— The task —
Please repeat only the lines below starting at the line that holds "Muz Cenneti" and ending at the line that holds "Variomatic keeway ry6", exactly, with both of those lines included and every picture omitted.

— Data —
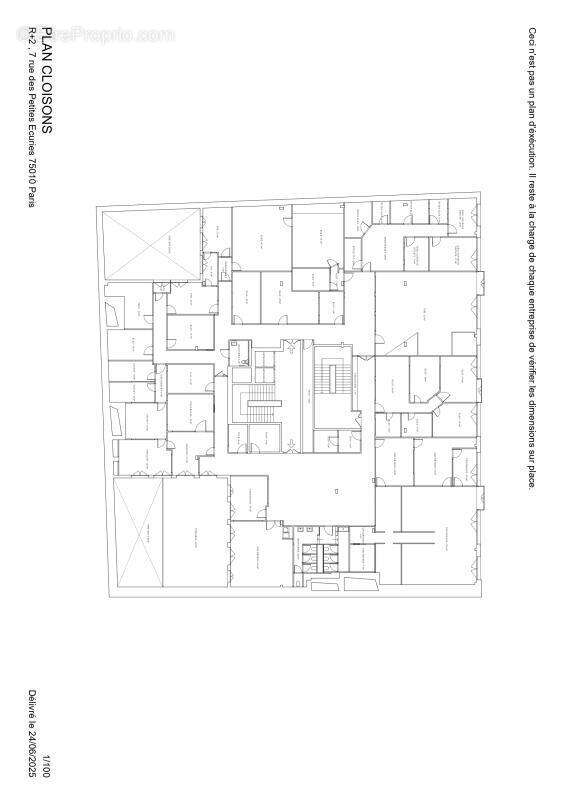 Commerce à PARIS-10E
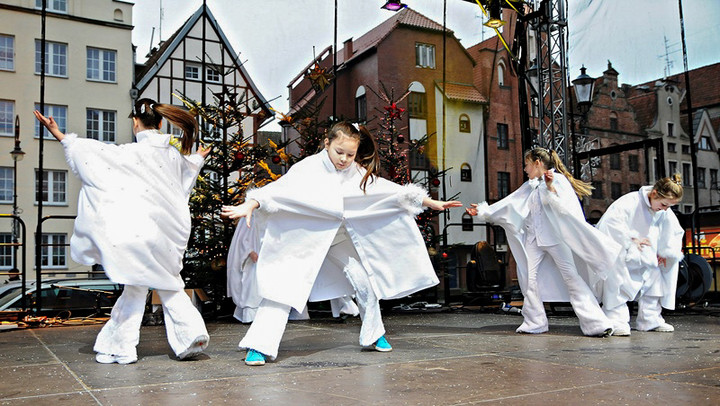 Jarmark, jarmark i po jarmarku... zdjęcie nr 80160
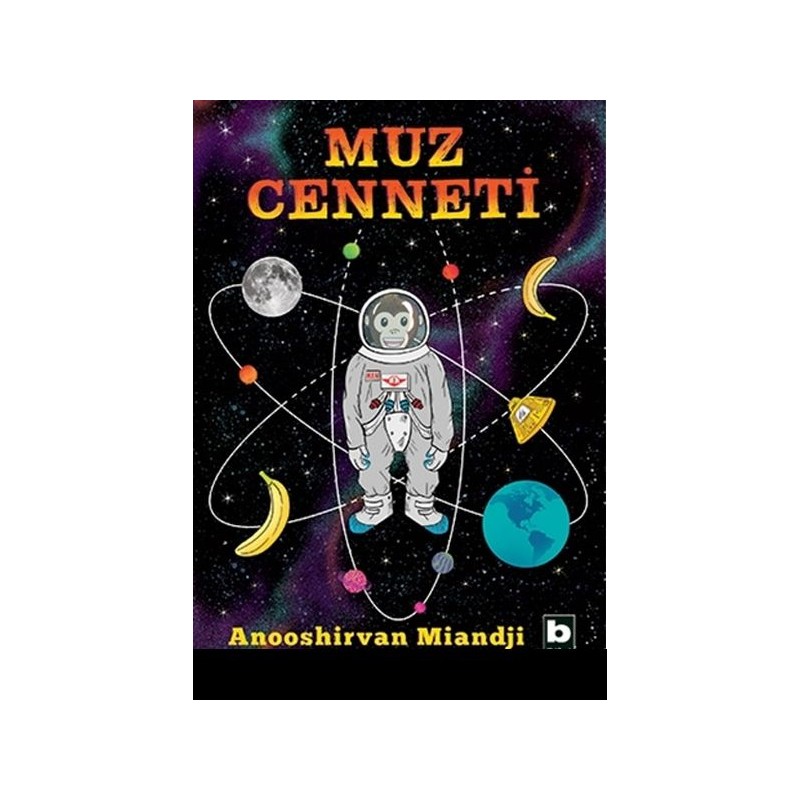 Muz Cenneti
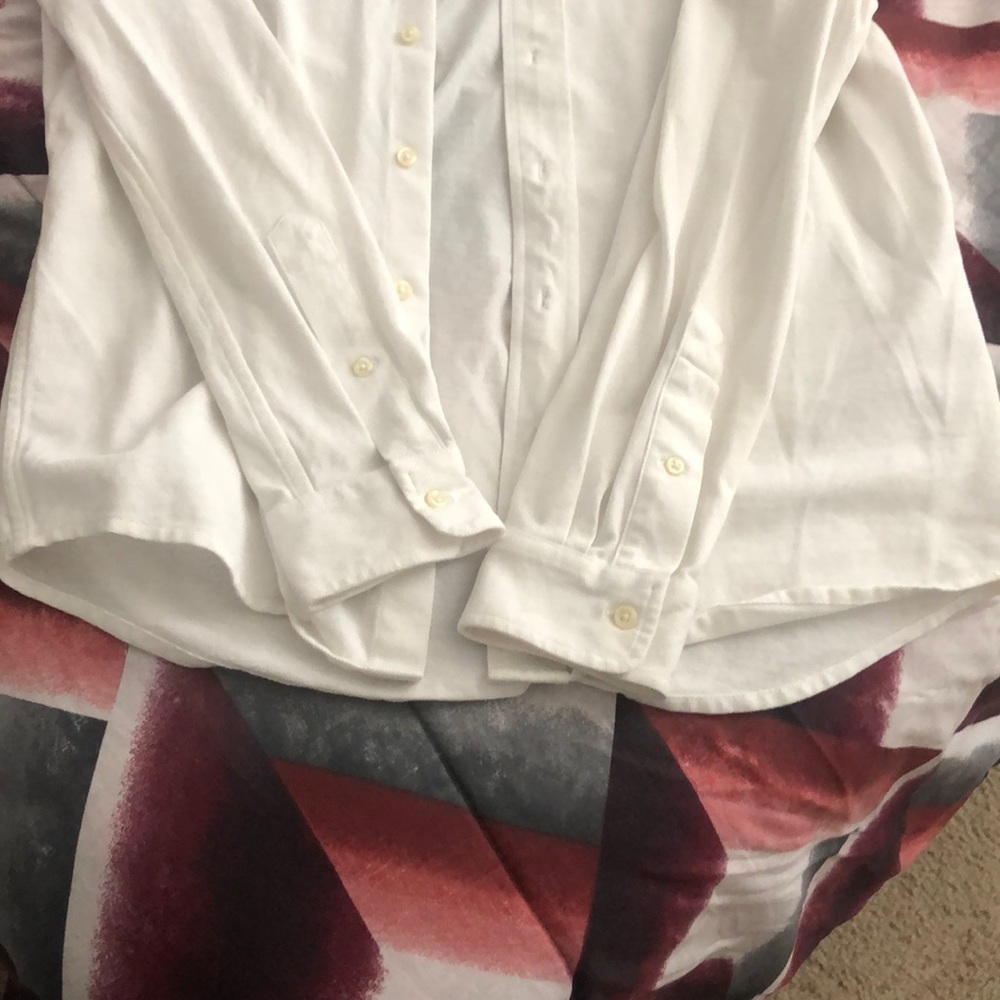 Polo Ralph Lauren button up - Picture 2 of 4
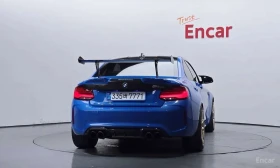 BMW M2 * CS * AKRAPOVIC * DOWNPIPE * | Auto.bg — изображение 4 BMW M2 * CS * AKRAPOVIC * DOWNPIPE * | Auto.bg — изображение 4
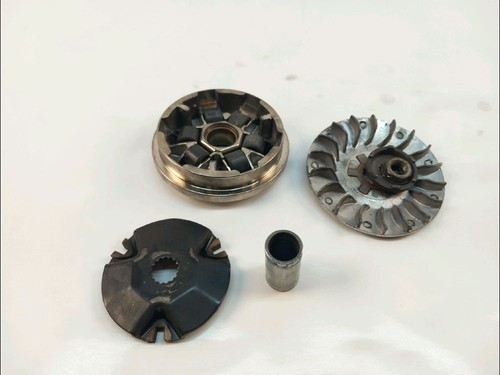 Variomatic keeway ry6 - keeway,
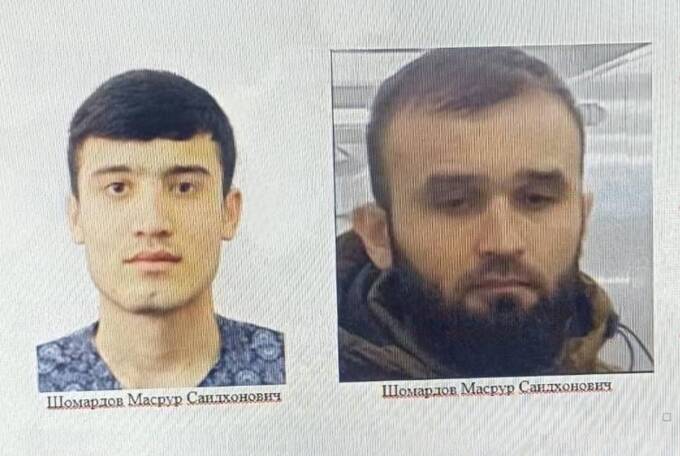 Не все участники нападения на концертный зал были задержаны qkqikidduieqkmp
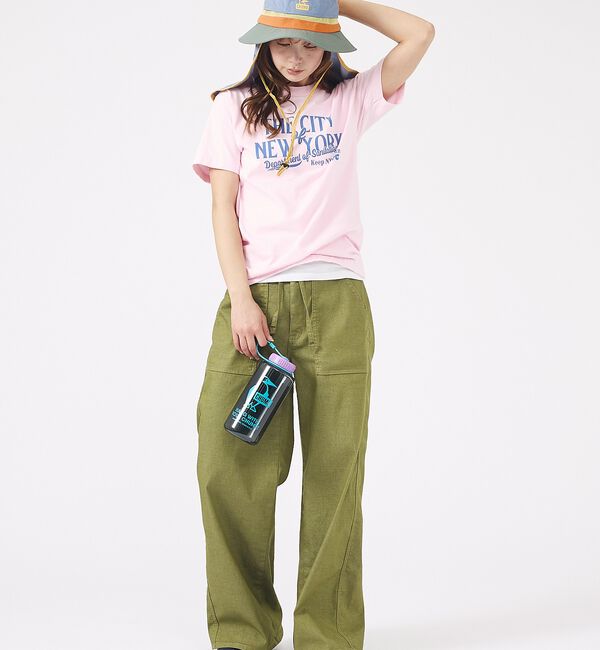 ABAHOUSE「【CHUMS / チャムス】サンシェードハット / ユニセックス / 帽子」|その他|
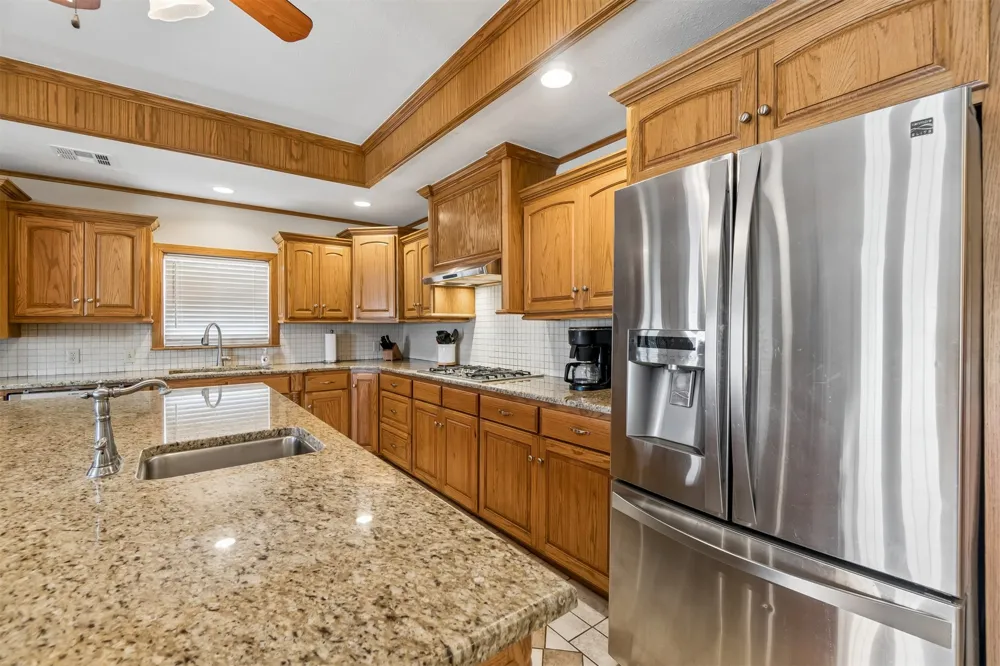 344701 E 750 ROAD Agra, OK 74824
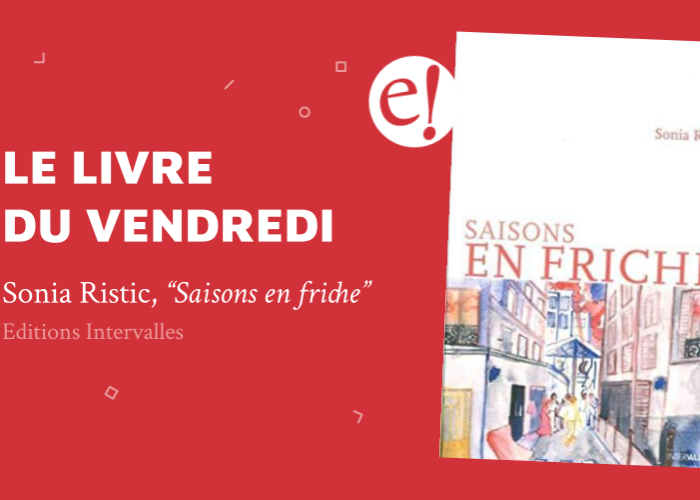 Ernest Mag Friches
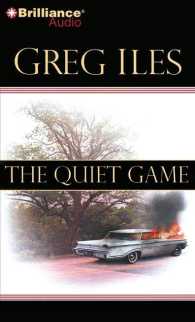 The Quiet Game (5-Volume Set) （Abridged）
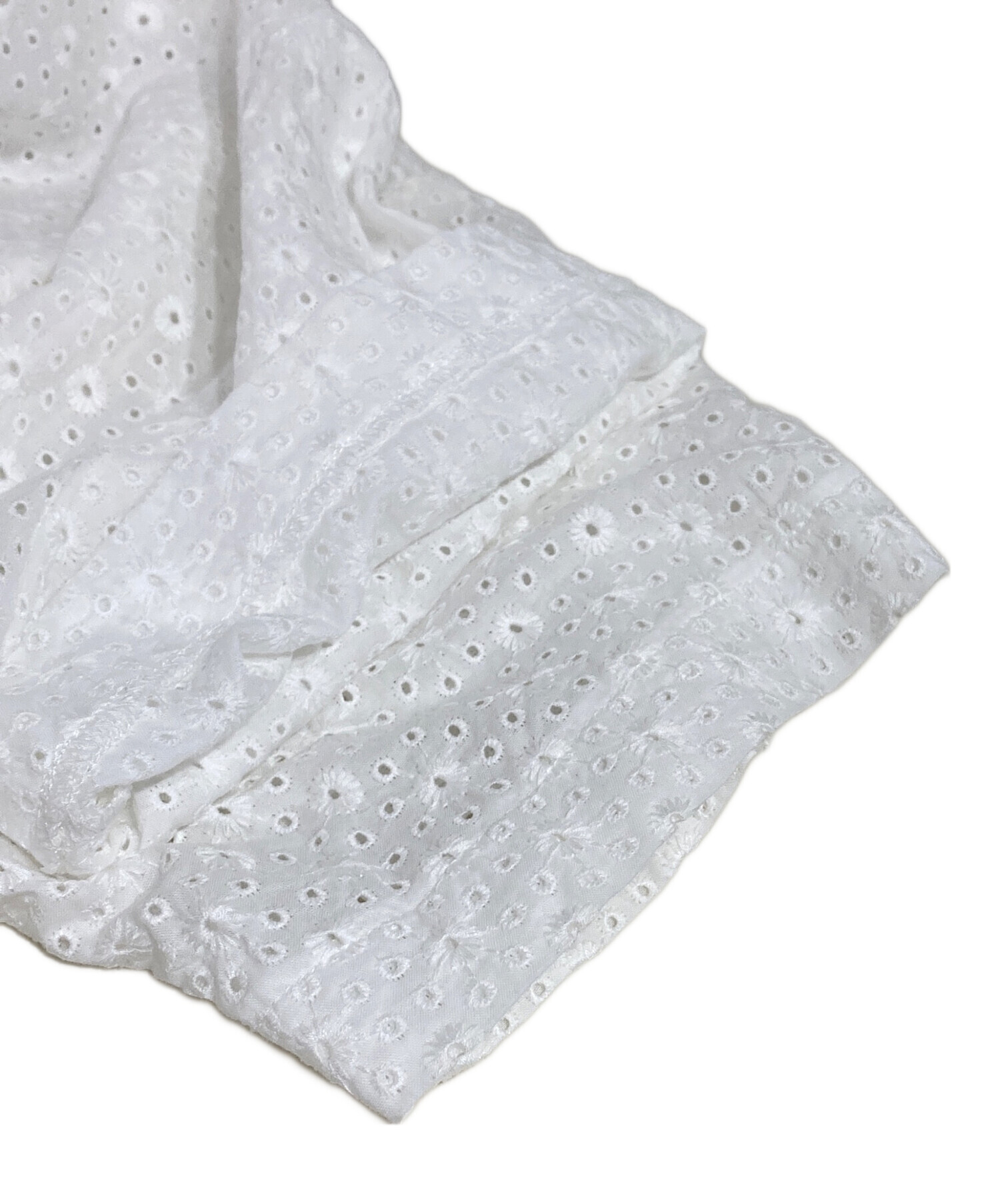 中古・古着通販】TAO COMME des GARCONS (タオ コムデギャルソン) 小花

— Response to this task —
 Muz Cenneti
 Polo Ralph Lauren button up - Picture 2 of 4
 BMW M2 * CS * AKRAPOVIC * DOWNPIPE * | Auto.bg — изображение 4 BMW M2 * CS * AKRAPOVIC * DOWNPIPE * | Auto.bg — изображение 4
 Variomatic keeway ry6 - keeway,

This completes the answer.